*Work to be completed*:
If an entry below contains an image, drop the image and retype the rest exactly.

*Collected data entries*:

-*-*-

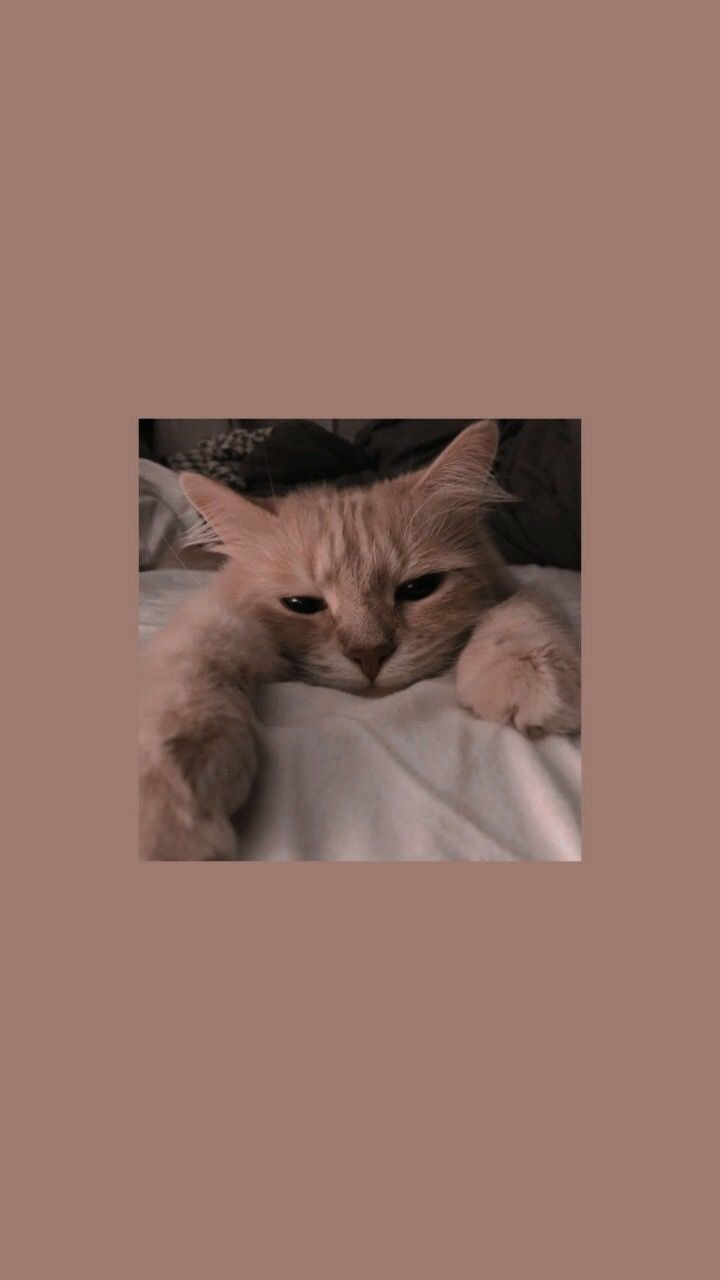  Katze Hintergrundbild 720x1280. As Sa on обои. Cute cat wallpaper, Cat wallpaper, Locked wallpaper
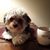 Cathy Warren's profile image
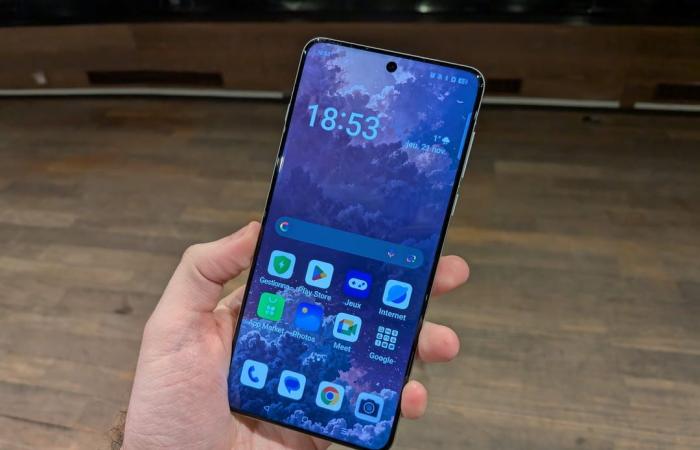 il ritorno di Oppo in Francia ha avuto successo?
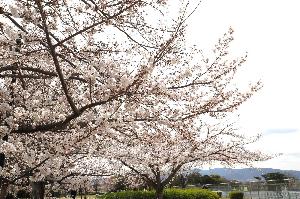 ずがいけこうえんのさくら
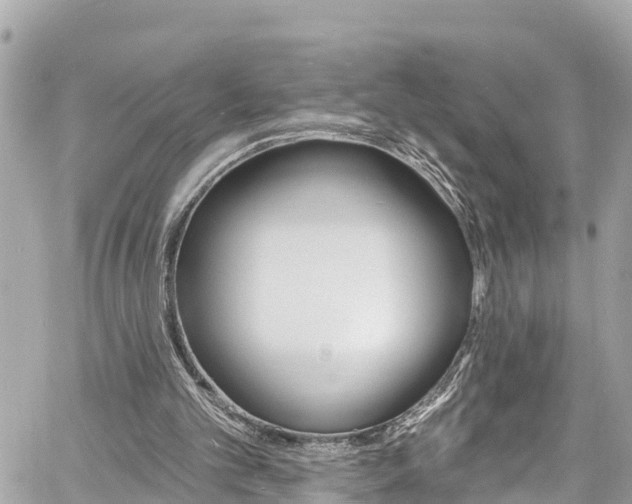 X0000060810101200511141517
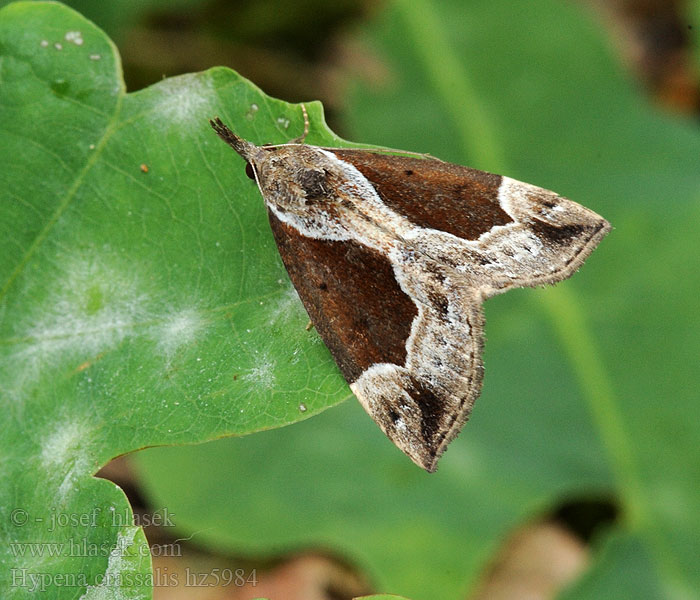 Zobonosec borůvkový Hypena crassalis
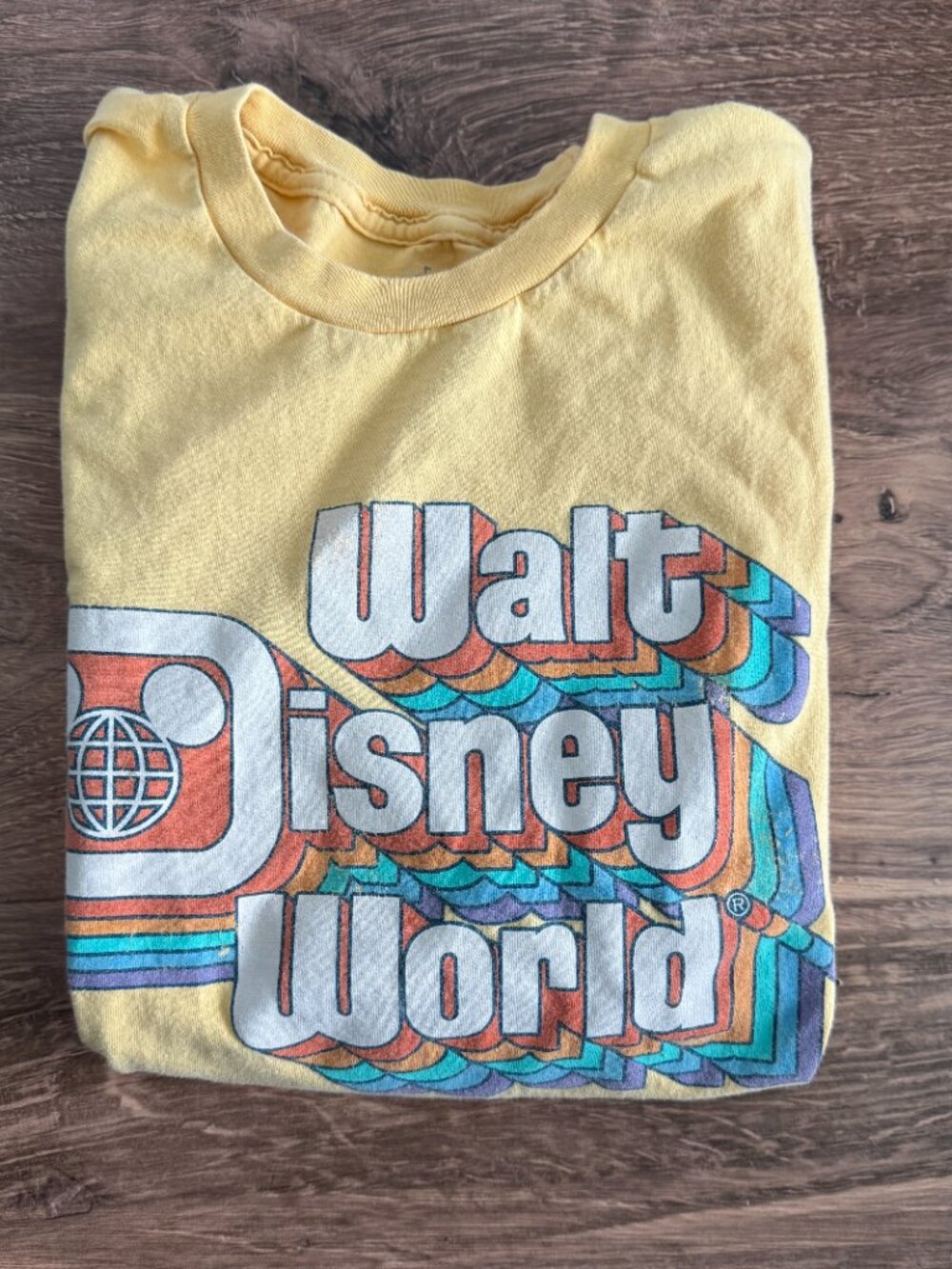 Disney Parks Retro Rainbow Walt Disney World Tee Small - Picture 2 of 6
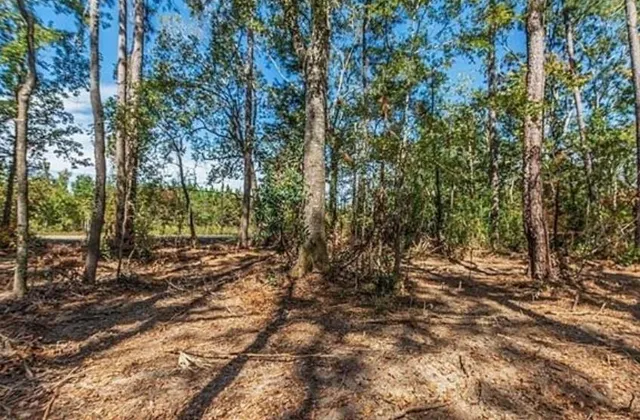 $15,900 | 82 La Highway, Holden, LA 70744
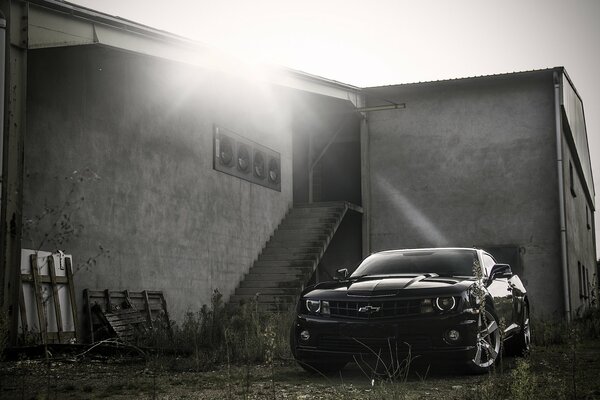 The glare of the rising sun on a Chevrolet Camaro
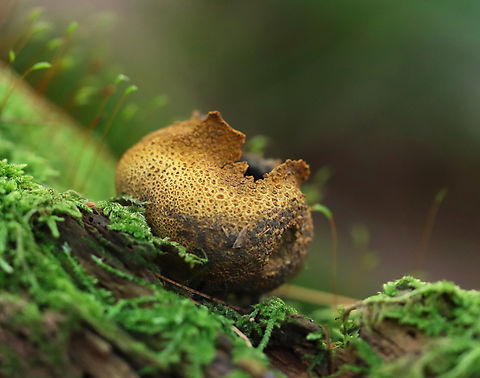 Pigskin Poison Puffball - Scleroderma citrinum Habitat: Growing on mossy, rotten wood Common Earthball,Geotagged,Pigskin poison puffball,Scleroderma,Scleroderma citrinum,Summer,United States,earthball,fungus,mushroom,puffball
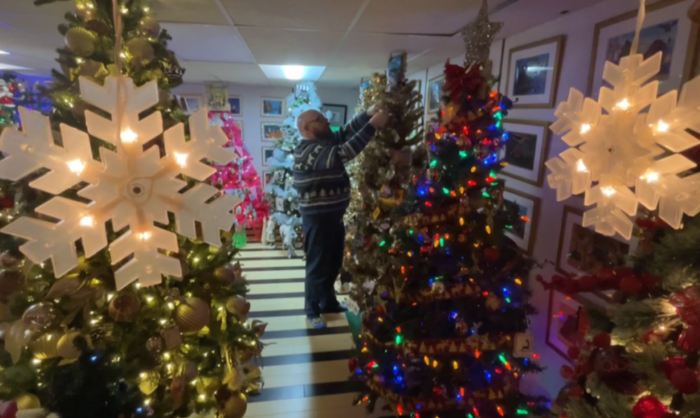 Cặp vợ chồng trang hoàng 133 cây thông Noel khắp nhà, đón Giáng sinh Ảnh 1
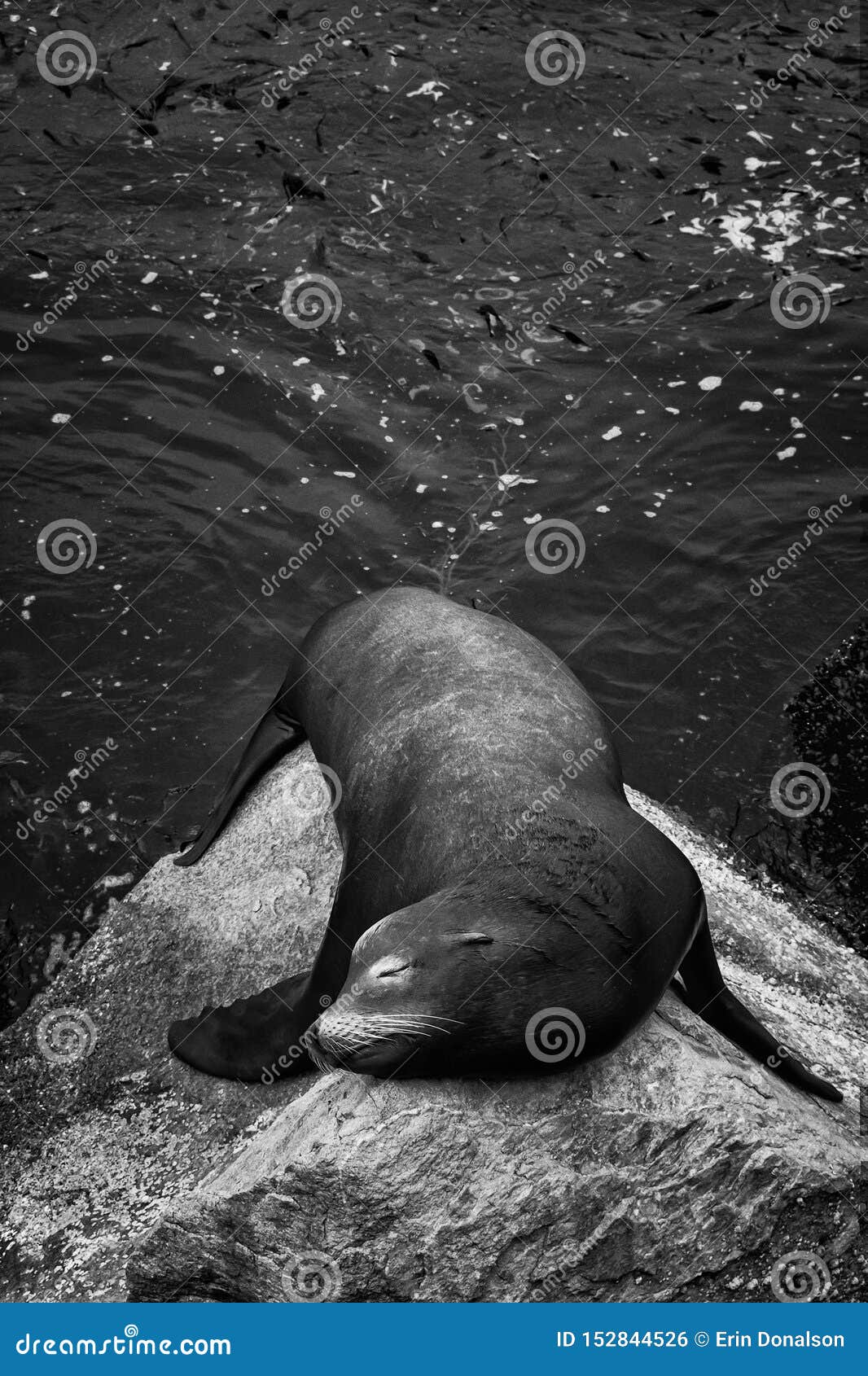 white sea lion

-*-*-

*Answer to the exercise*:
  Katze Hintergrundbild 720x1280. As Sa on обои. Cute cat wallpaper, Cat wallpaper, Locked wallpaper
 Cathy Warren's profile image
 il ritorno di Oppo in Francia ha avuto successo?
 ずがいけこうえんのさくら
 X0000060810101200511141517
 Zobonosec borůvkový Hypena crassalis
 Disney Parks Retro Rainbow Walt Disney World Tee Small - Picture 2 of 6
 $15,900 | 82 La Highway, Holden, LA 70744
 The glare of the rising sun on a Chevrolet Camaro
 Pigskin Poison Puffball - Scleroderma citrinum Habitat: Growing on mossy, rotten wood Common Earthball,Geotagged,Pigskin poison puffball,Scleroderma,Scleroderma citrinum,Summer,United States,earthball,fungus,mushroom,puffball
 Cặp vợ chồng trang hoàng 133 cây thông Noel khắp nhà, đón Giáng sinh Ảnh 1
 white sea lion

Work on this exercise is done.